Tobias Haller said...

Dear Mark,
I share your concern, and am aware of too broad application of Incompleteness and Uncertainty beyond their proper fields; and that is why I said, "similar principles." My effort is merely to show that even in the "hard sciences" there are certain unknowables; and that what is true of hard science is also true of philosophical and theological thinking.

I am not applying either the structure of arithmetical systems or of subatomic particles to theology; I merely acknowledge the fact of our partial knowledge: theology is not a "complete" system.

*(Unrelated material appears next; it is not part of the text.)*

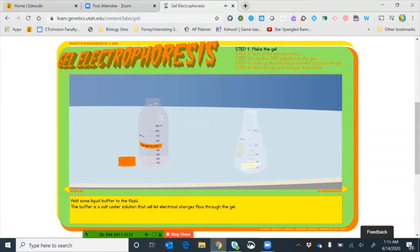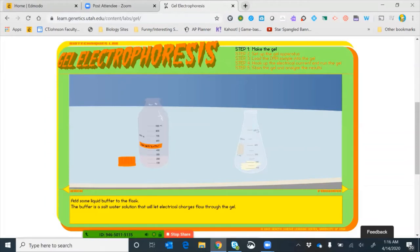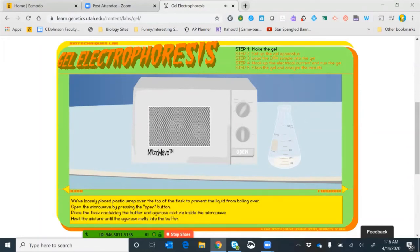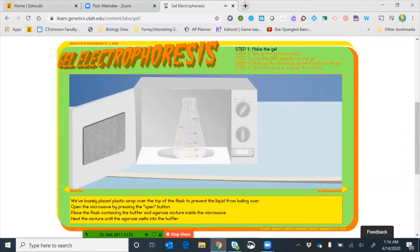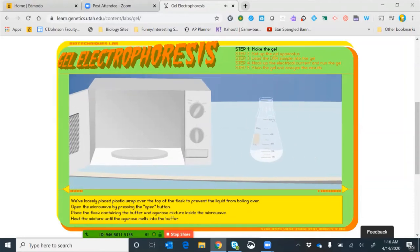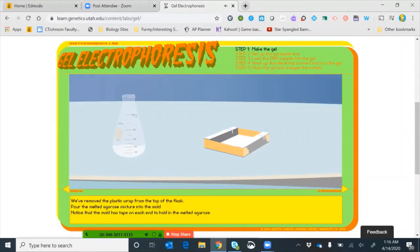Next we pour in TBE buffer — tris-EDTA — which is a detergent buffer, essentially a salt solution that helps denature some of the DNA and helps electrical charge flow through the gel. We loosely put plastic wrap over the top of the flask to prevent the liquid from boiling over, then put it in the microwave and let it boil until the agarose completely dissolves with not a single speck remaining.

Your response seems to be a kneejerk reaction to real abuses of these principles, of which I am aware, and which I do not think I have committed.

Christopher said...

The problem is in terms of relative power, the church, and those who represent the church within our structures are not often held accountable to structures of checks and balances that would judge them in turn in a timely manner as individuals are judged. Individuals are often judged precisely at the whim of those who can put into motion the mechanisms for judgment institutionally. So while this sounds good in theory, it seems to me in actuality, that the church itself is rarely judged in a manner congruent with the way it judges individuals--and sometimes ruins or destroys their lives, even to the point of consideration that God is a vicious God or desires the destruction of individuals. Only history after the fact is capable of judgment of that sort in dealing with the church. And too often, we put ourselves above that judgment as well. Our failure of honesty has left us increasingly vulnerable in a skeptical age, hungry for God, but finding us too self-satisfied and unwilling to admit that we too are sinners. I'm reminded of Niehbuhr on sins of collectives.

Christopher said...

I would also add the Polyani's approach in terms of philosophy is perfectly applicable as well in terms of the incompleteness of knowledge and theology. No less than Colin Gunton has used such an approach for Christology.

Robert said...

A therapist friend once gave me some good advice: if you are going to criticize someone for something you yourself do,she said, then you should include yourself in the criticism.

Tobias Haller said...

Thank you, Robert, and Christopher, for these comments on the problem the church faces in its efforts at self-critique. At its worst (say, in the excesses of the Inquisition) the church can become "demonic" (in the sense of giving in to the "powers"), and I think we see in such phenomena something very much like the mob-mentality which is the shadow side of democracy or the capacity of groups to govern their own members, and those outside their group. As I'm suggesting here, there is no easy answer, but a constant effort at humility, and mutual submission in charity. And keeping in mind the "Law of Fallibility" -- that groups being made up of fallible persons ("whereof all be not governed with the Spirit and Word of God") are not immune from error, however noble their cause or their membership. The mob gives permission to members to be less good than they are as individuals; and there is no guarantee of Truth in the multiplication of voices.